*What to work on*: Below are the entries. Print only the lines starting at the one with "Bold typography 'Don't" and ending at the one with "15 Gifts to", exactly, with no pictures.

Captioned web images
+ + +

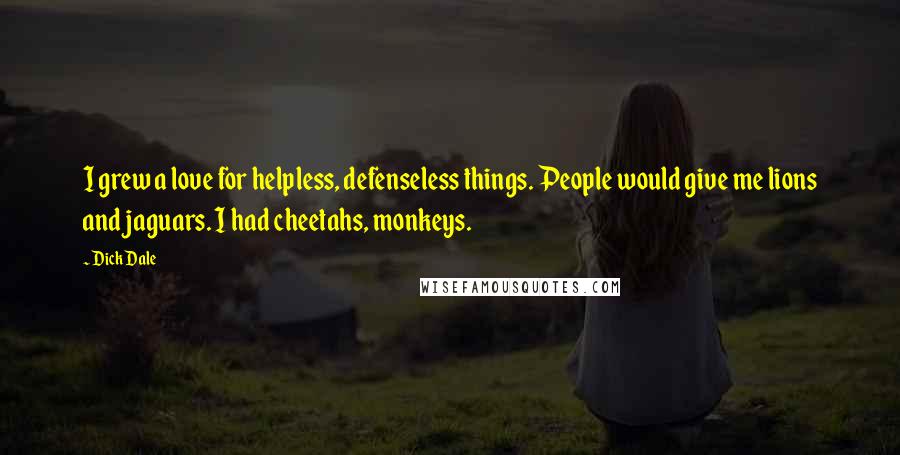 Dick Dale Quotes: I grew a love for helpless, defenseless things. People would give me lions and jaguars. I had cheetahs, monkeys.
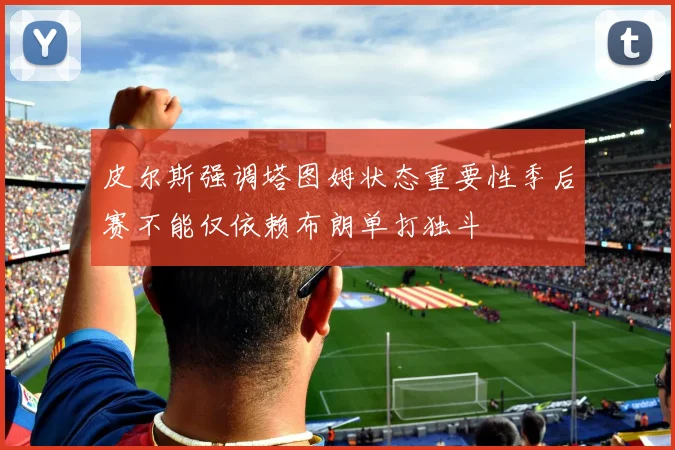 皮尔斯强调塔图姆状态重要性季后赛不能仅依赖布朗单打独斗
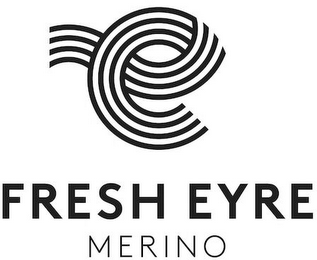 E FRESH EYRE MERINO
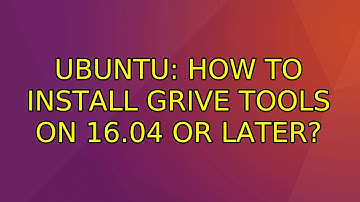 Ubuntu: How to install grive tools on 16.04 or later?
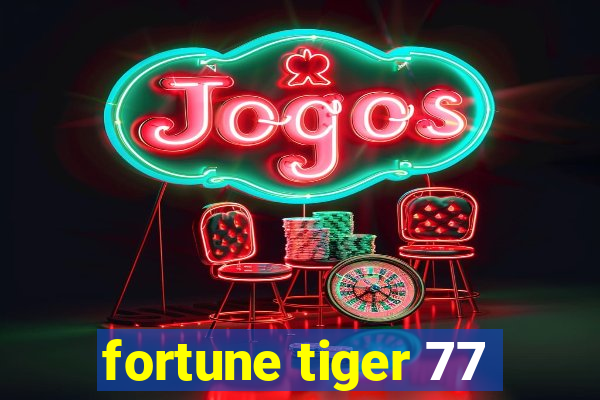 fortune tiger 77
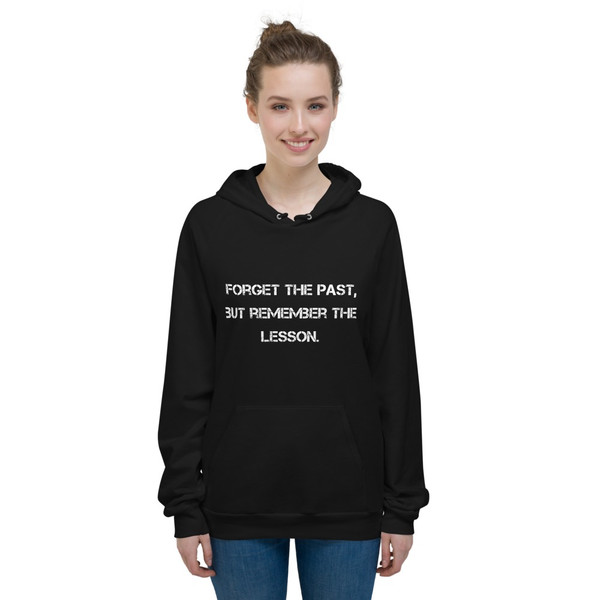 Forget the past, but remember the lesson. - Unisex Fleece Pullover Hoodie Motivational quotes 7810011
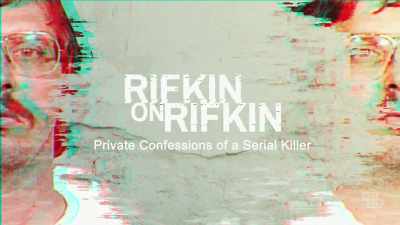  [ominous music] - Rifkin on Rifkin: Private Confessions of a Serial Killer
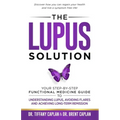 The Lupus Solution: Your Step-By-Step Functional Medicine Guide to Understanding Lupus, Avoiding Flares and Achieving Long-Term Remission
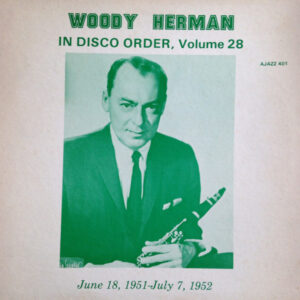 In Disco Order, Volume 28 – Woody Herman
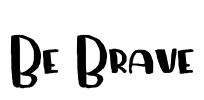 Be Brave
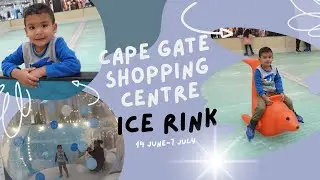 Cape Gate Shopping Centre Ice Rink | School Holiday Fun |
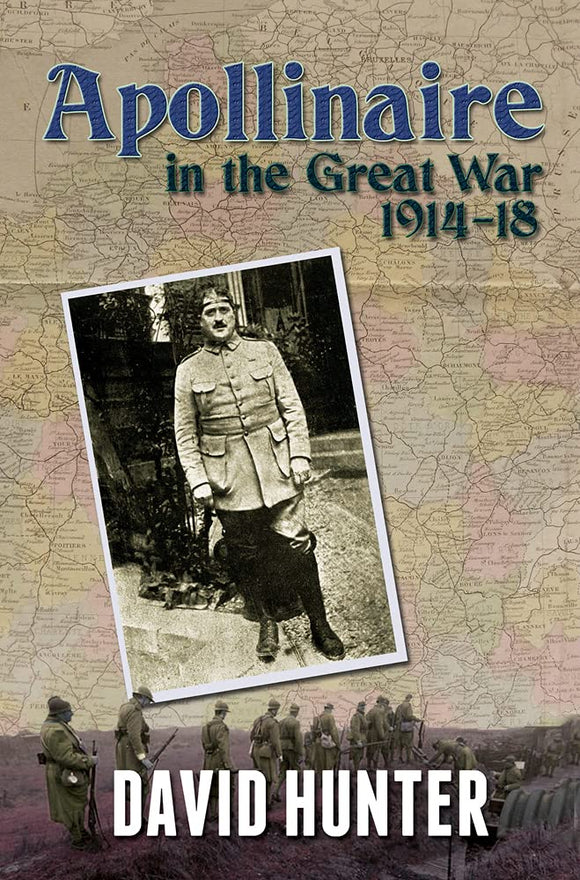 Apollinaire in the Great War 1914-18; David Hunter
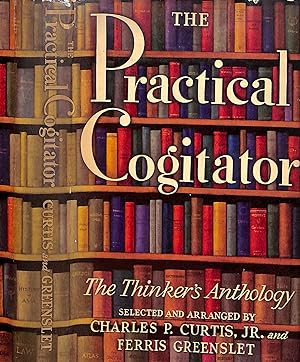 Seller image for The Practical Cogitator Or The Thinker's Anthology for sale by The Cary Collection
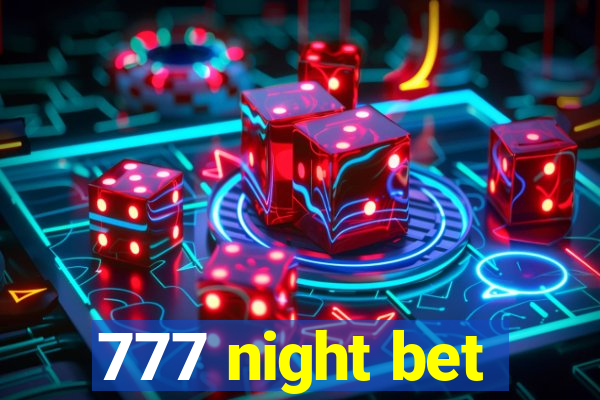 777 night bet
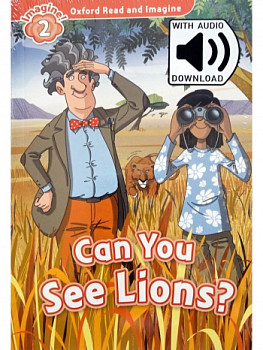 Oxford Read and Imagine 2 Can You See Lions with Audio Download (access card inside)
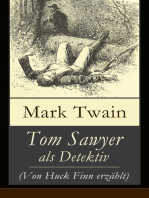 Tom Sawyer als Detektiv (Von Huck Finn erzählt): Der berühmte Lausbube und sein Freund Huckleberry Finn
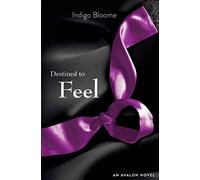 Destined to Feel (An Avalon Novel, 2)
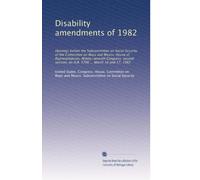 Disability amendments of 1982: Hearings before the Subcommittee on Social Security of the Committee on Ways and Means, House of Representatives, ... on H.R. 5700 ... March 16 and 17, 1982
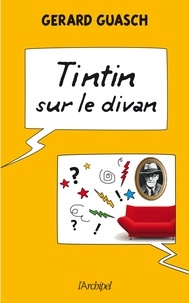 Gérard Guasch - Tintin sur le divan.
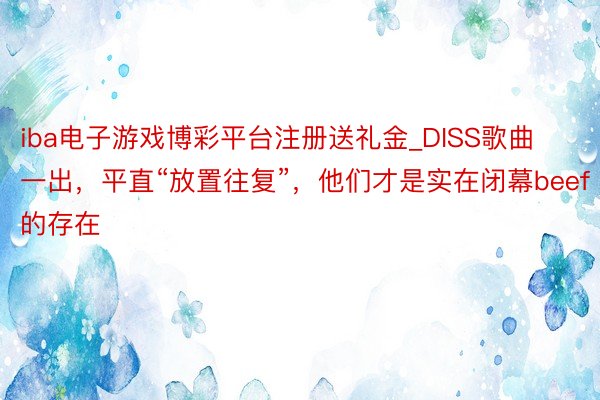 iba电子游戏博彩平台注册送礼金_DISS歌曲一出，平直“放置往复”，他们才是实在闭幕beef的存在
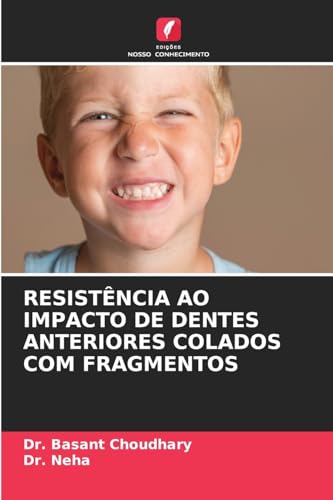 RESISTÊNCIA AO IMPACTO DE DENTES ANTERIORES COLADOS COM FRAGMENTOS von Edições Nosso Conhecimento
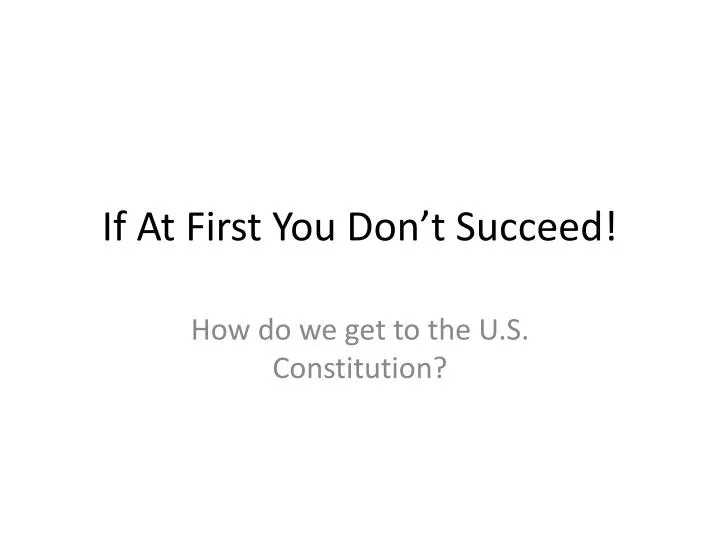if at first you don t succeed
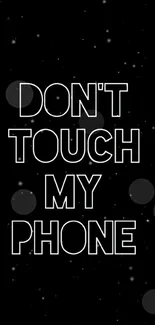 Bold typography 'Don't Touch My Phone' on dark background.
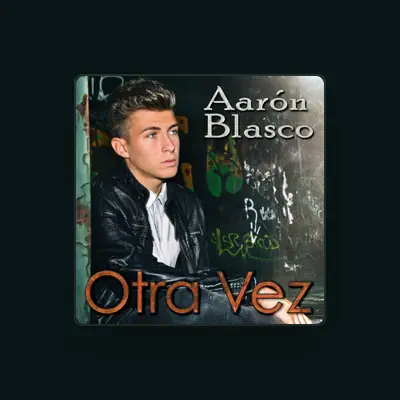 Listen to Aaron Blasco, watch music videos, read bio, see tour dates & more!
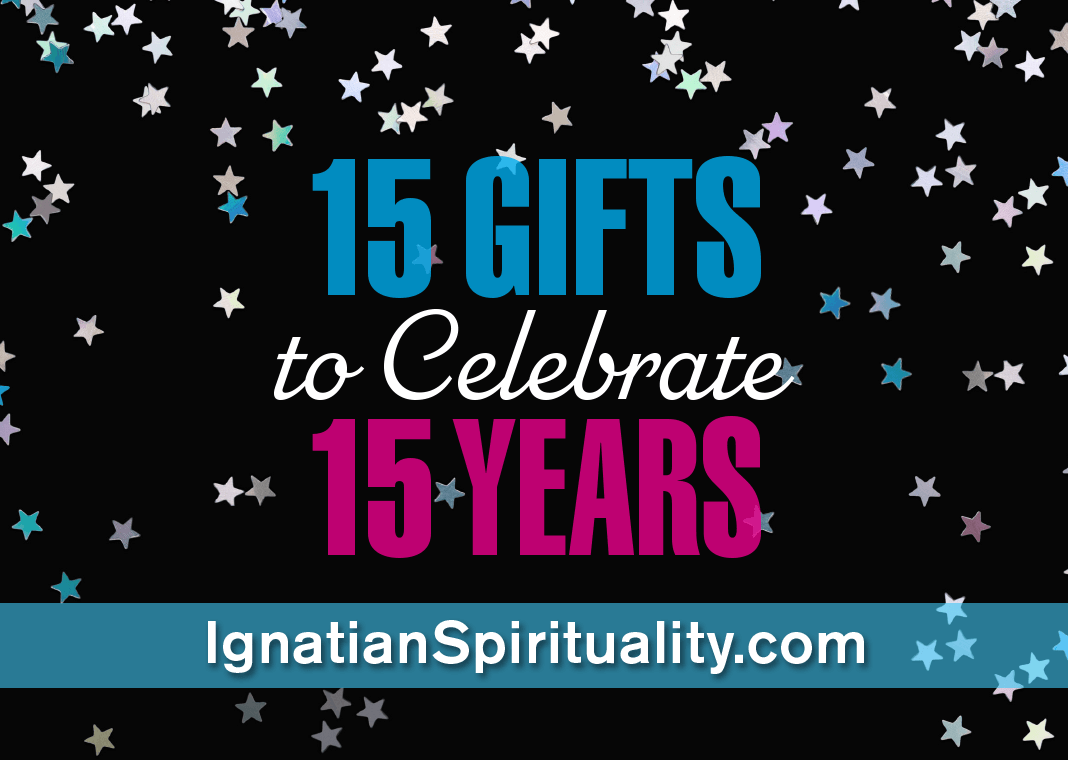 15 Gifts to Celebrate 15 Years - IgnatianSpirituality.com - text with stars in background
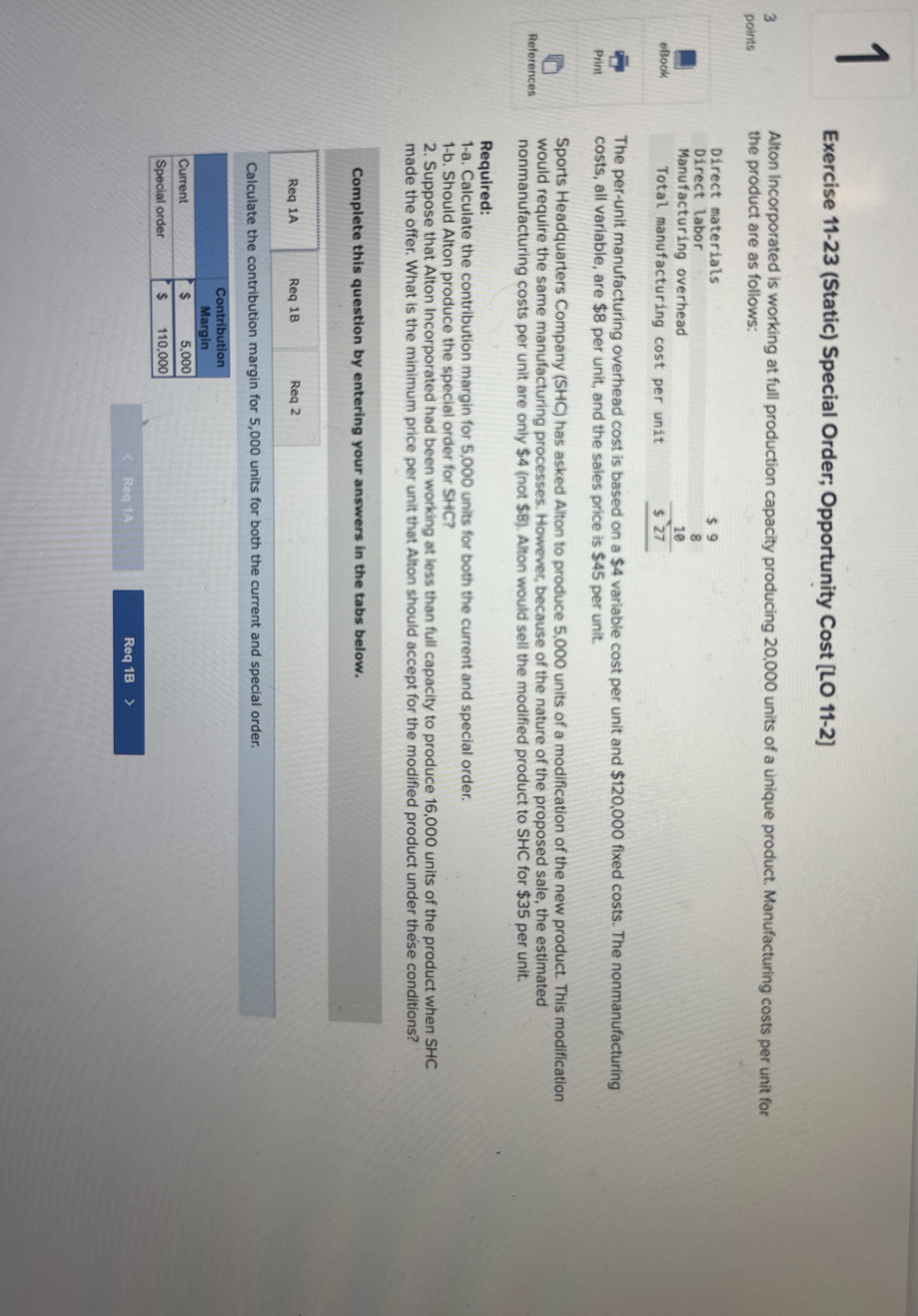  1 Exercise 11-23(Static) Special Order; Opportunity Cost [LO 11-2] 3 points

+ + +

*Written response*:
 Bold typography 'Don't Touch My Phone' on dark background.
 Listen to Aaron Blasco, watch music videos, read bio, see tour dates & more!
 15 Gifts to Celebrate 15 Years - IgnatianSpirituality.com - text with stars in background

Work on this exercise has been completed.